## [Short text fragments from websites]
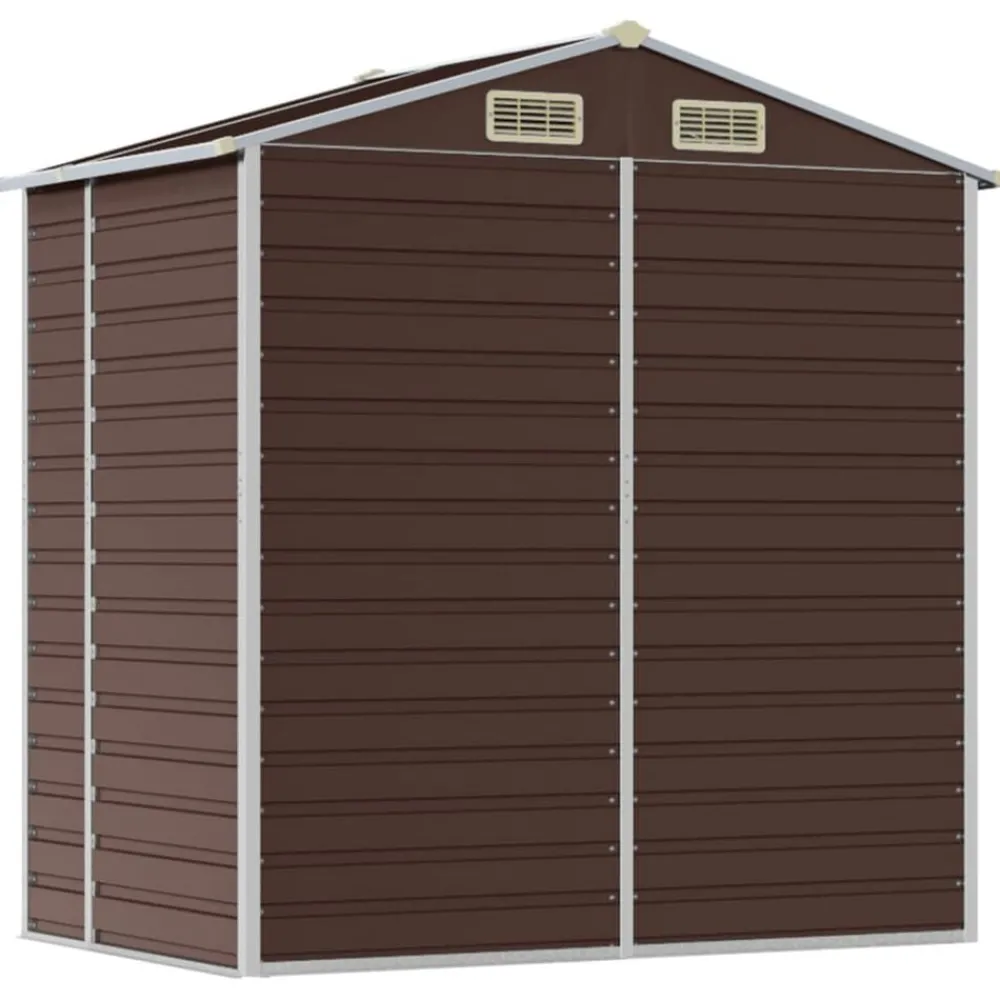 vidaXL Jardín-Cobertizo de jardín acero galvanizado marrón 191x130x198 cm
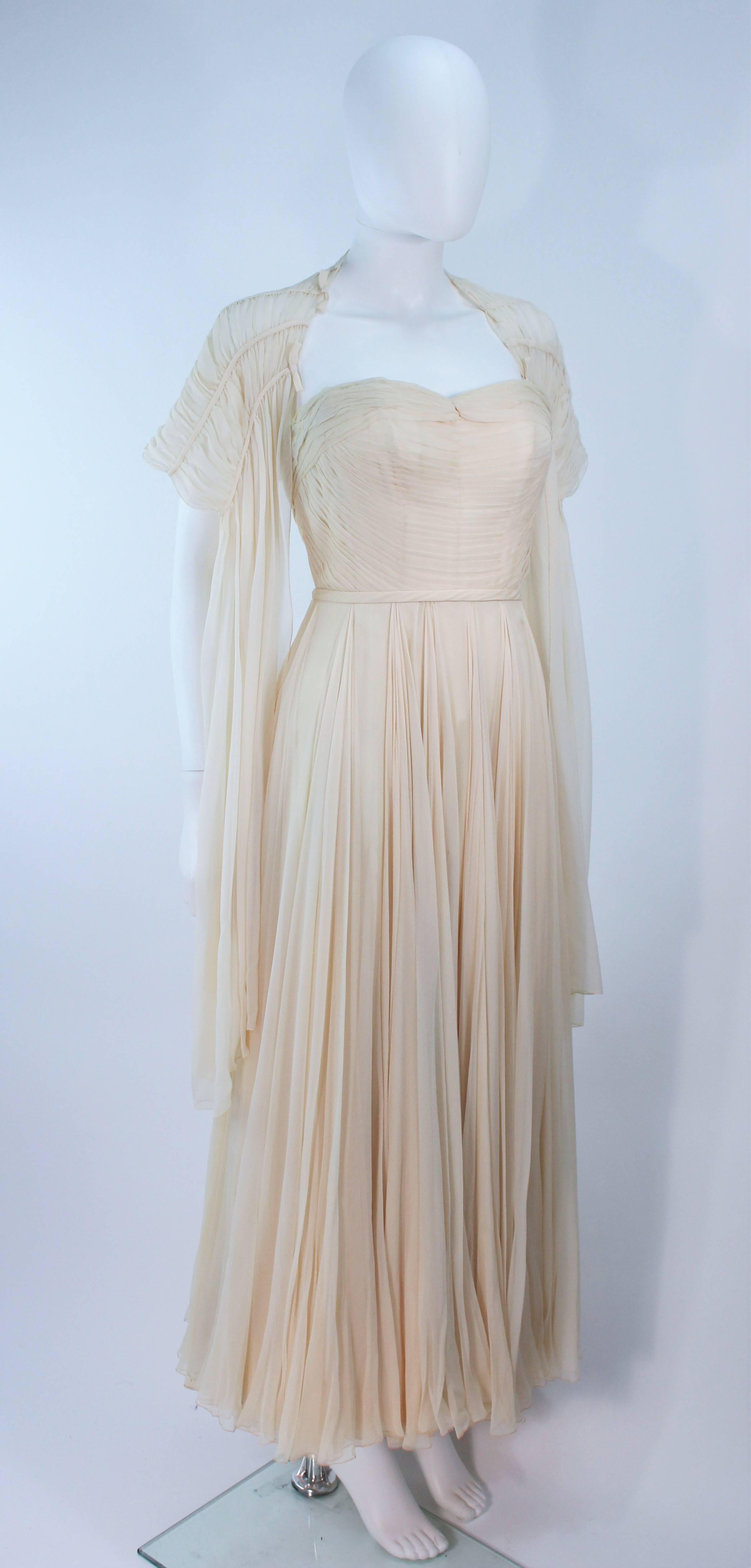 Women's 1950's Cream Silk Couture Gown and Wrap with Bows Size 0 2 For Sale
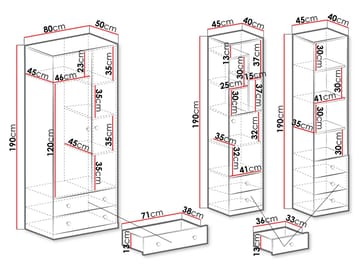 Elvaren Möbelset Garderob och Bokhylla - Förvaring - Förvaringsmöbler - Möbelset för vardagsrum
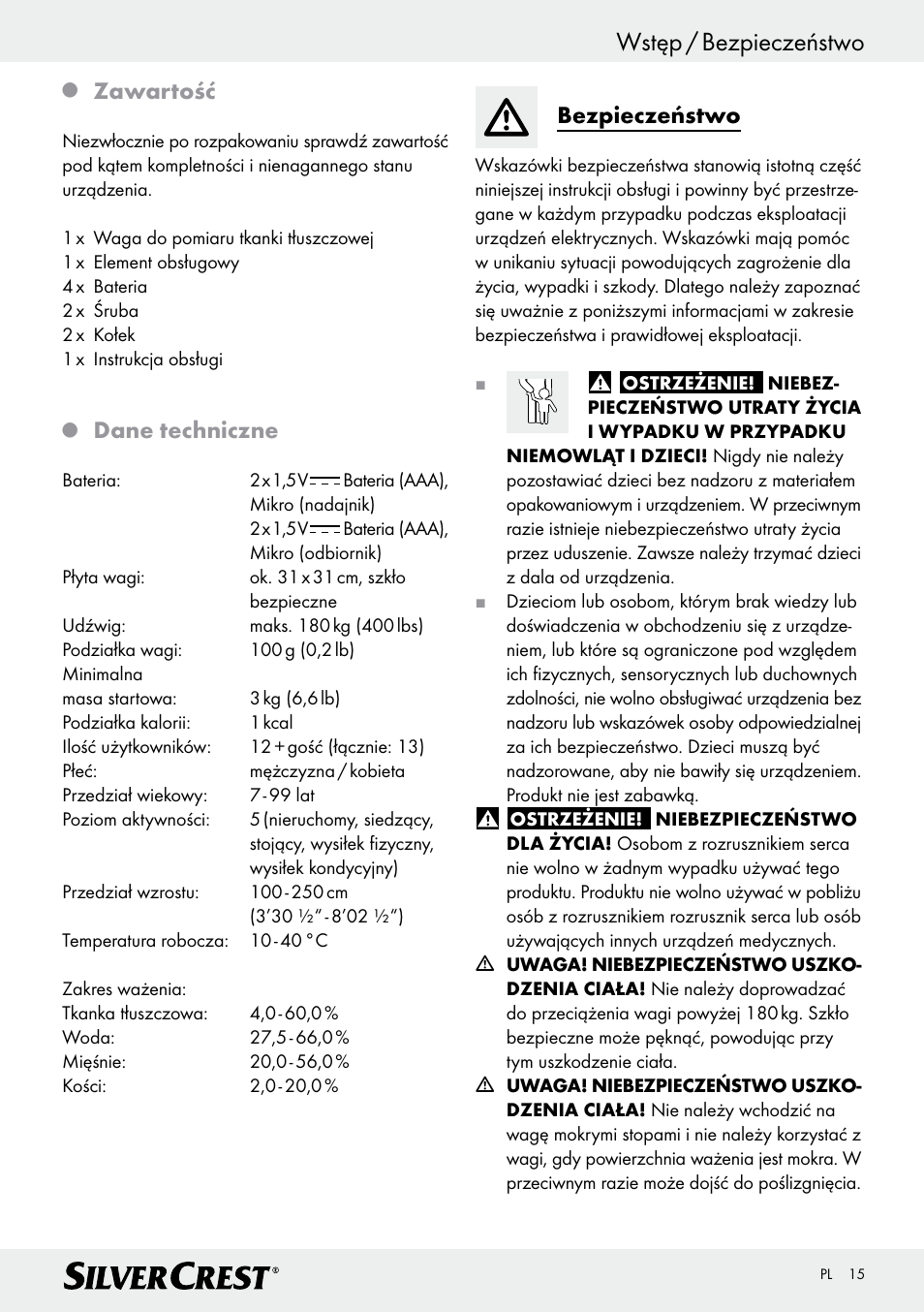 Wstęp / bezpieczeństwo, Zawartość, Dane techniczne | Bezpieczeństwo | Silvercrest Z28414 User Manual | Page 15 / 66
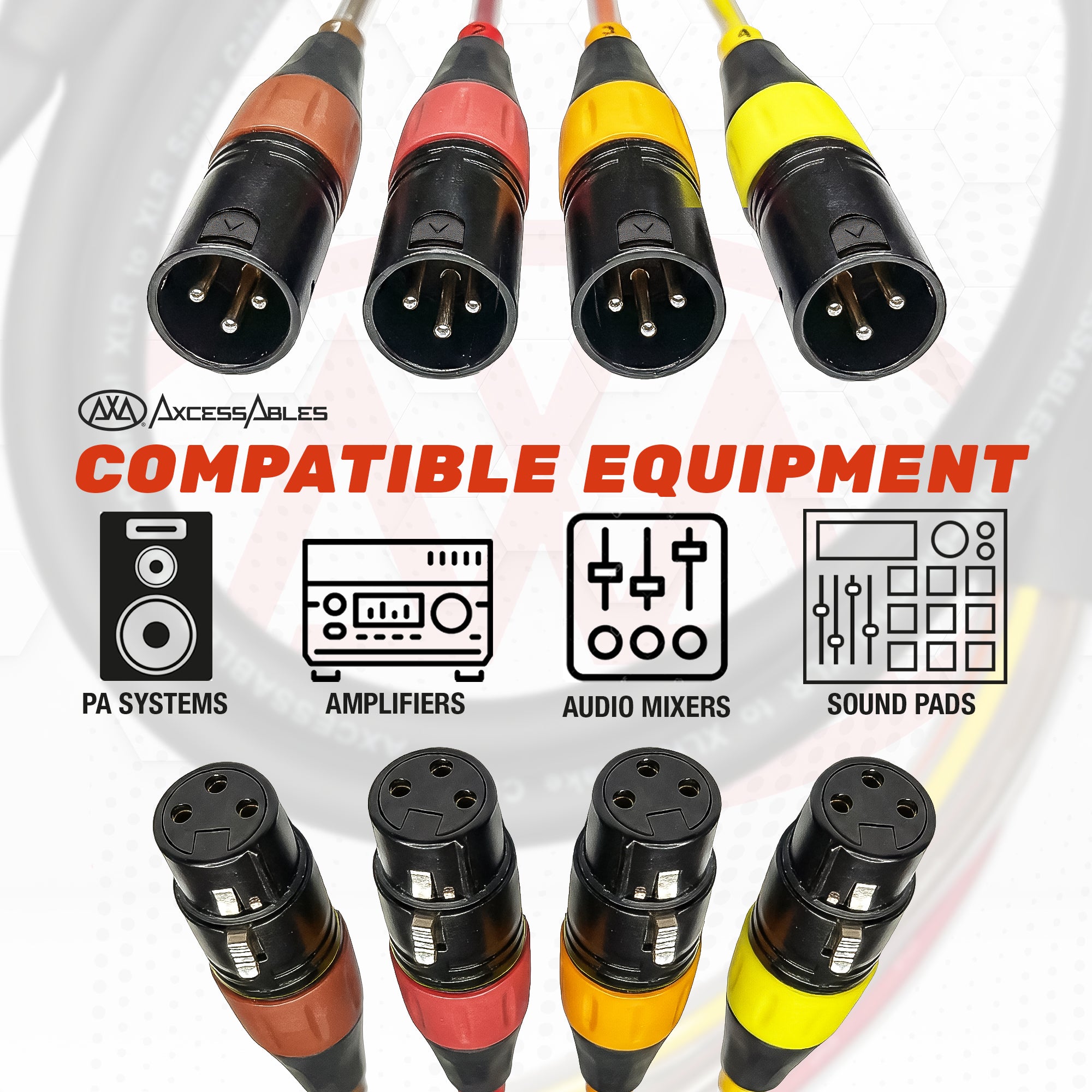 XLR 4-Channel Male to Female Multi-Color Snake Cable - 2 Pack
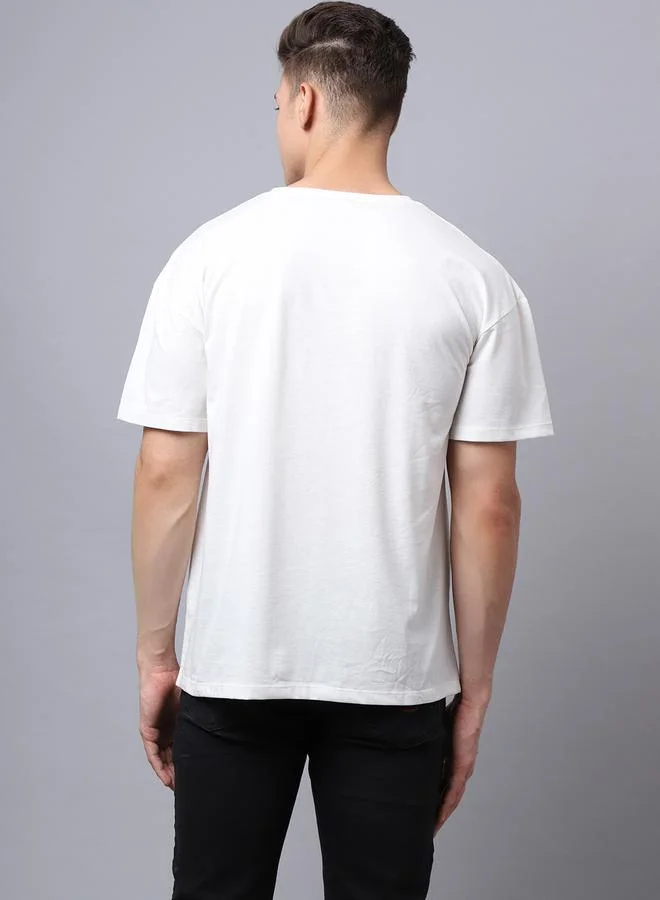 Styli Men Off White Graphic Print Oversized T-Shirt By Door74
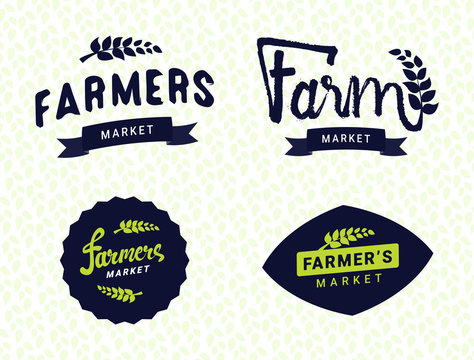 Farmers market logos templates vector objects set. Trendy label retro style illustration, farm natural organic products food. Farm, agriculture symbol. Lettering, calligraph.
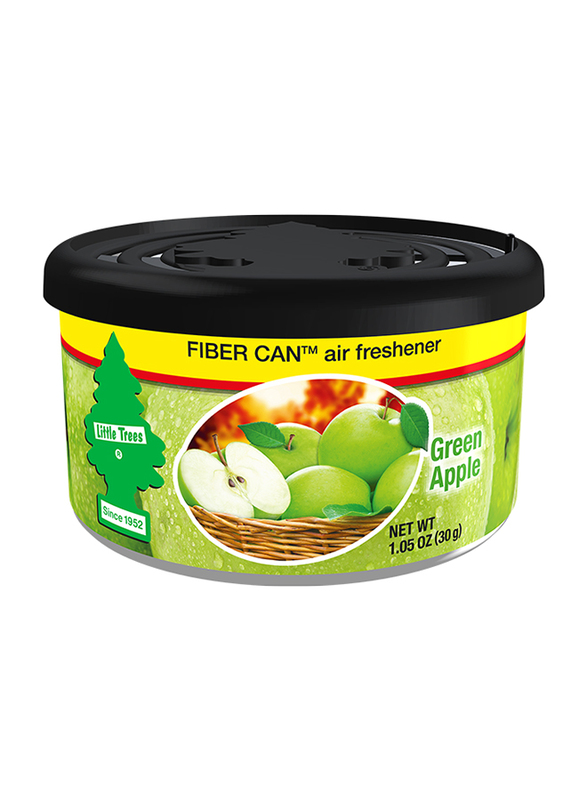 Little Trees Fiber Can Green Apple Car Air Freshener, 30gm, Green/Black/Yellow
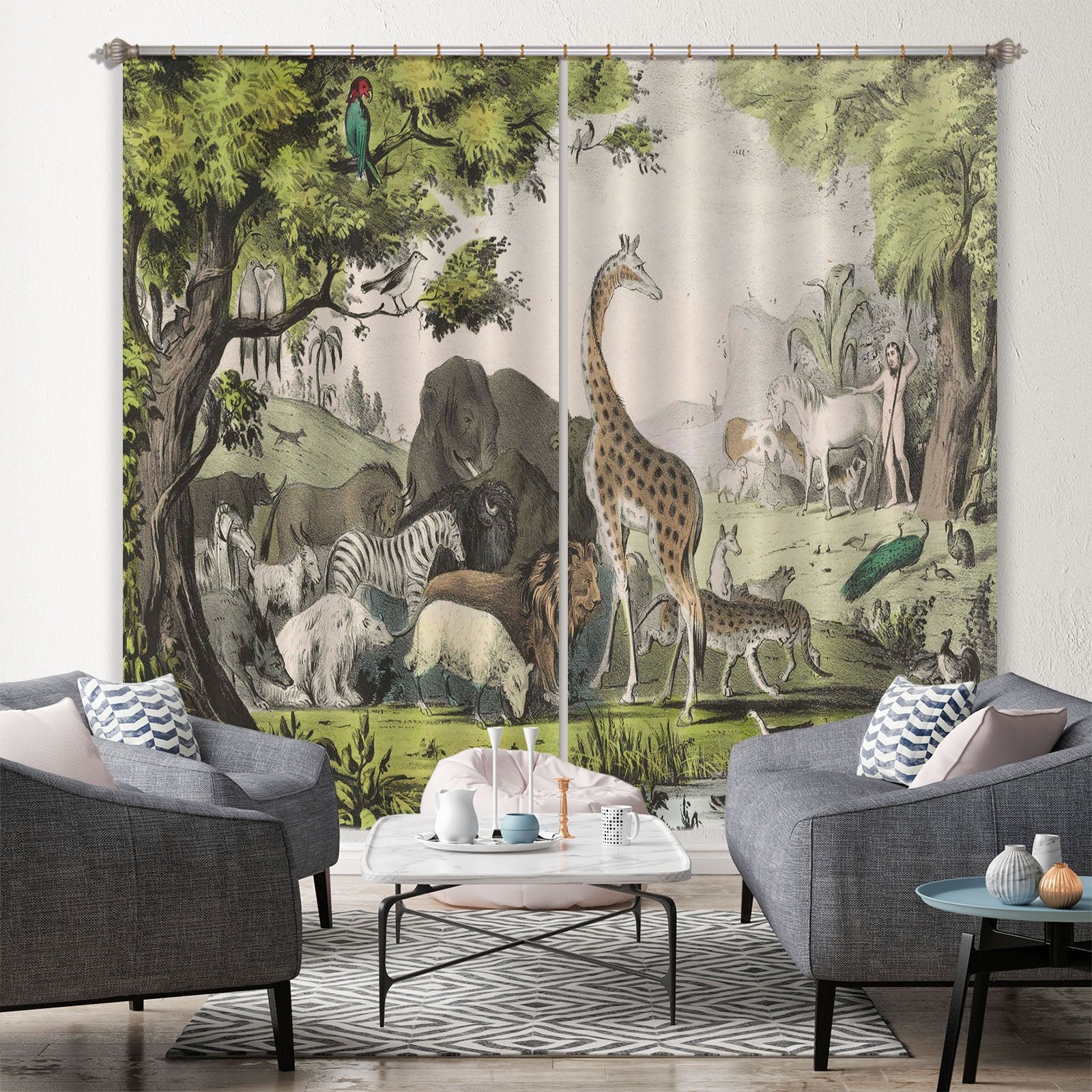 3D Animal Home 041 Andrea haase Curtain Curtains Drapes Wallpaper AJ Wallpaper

## [Assigned task]
Reproduce, word for word, every line from the one that contains "Wstęp / bezpieczeństwo, Zawartość, Dane" to the end of the data, including both ends; omit all pictures.

## [Response area]
 Wstęp / bezpieczeństwo, Zawartość, Dane techniczne | Bezpieczeństwo | Silvercrest Z28414 User Manual | Page 15 / 66
 XLR 4-Channel Male to Female Multi-Color Snake Cable - 2 Pack
 Styli Men Off White Graphic Print Oversized T-Shirt By Door74
 Farmers market logos templates vector objects set. Trendy label retro style illustration, farm natural organic products food. Farm, agriculture symbol. Lettering, calligraph.
 Little Trees Fiber Can Green Apple Car Air Freshener, 30gm, Green/Black/Yellow
 3D Animal Home 041 Andrea haase Curtain Curtains Drapes Wallpaper AJ Wallpaper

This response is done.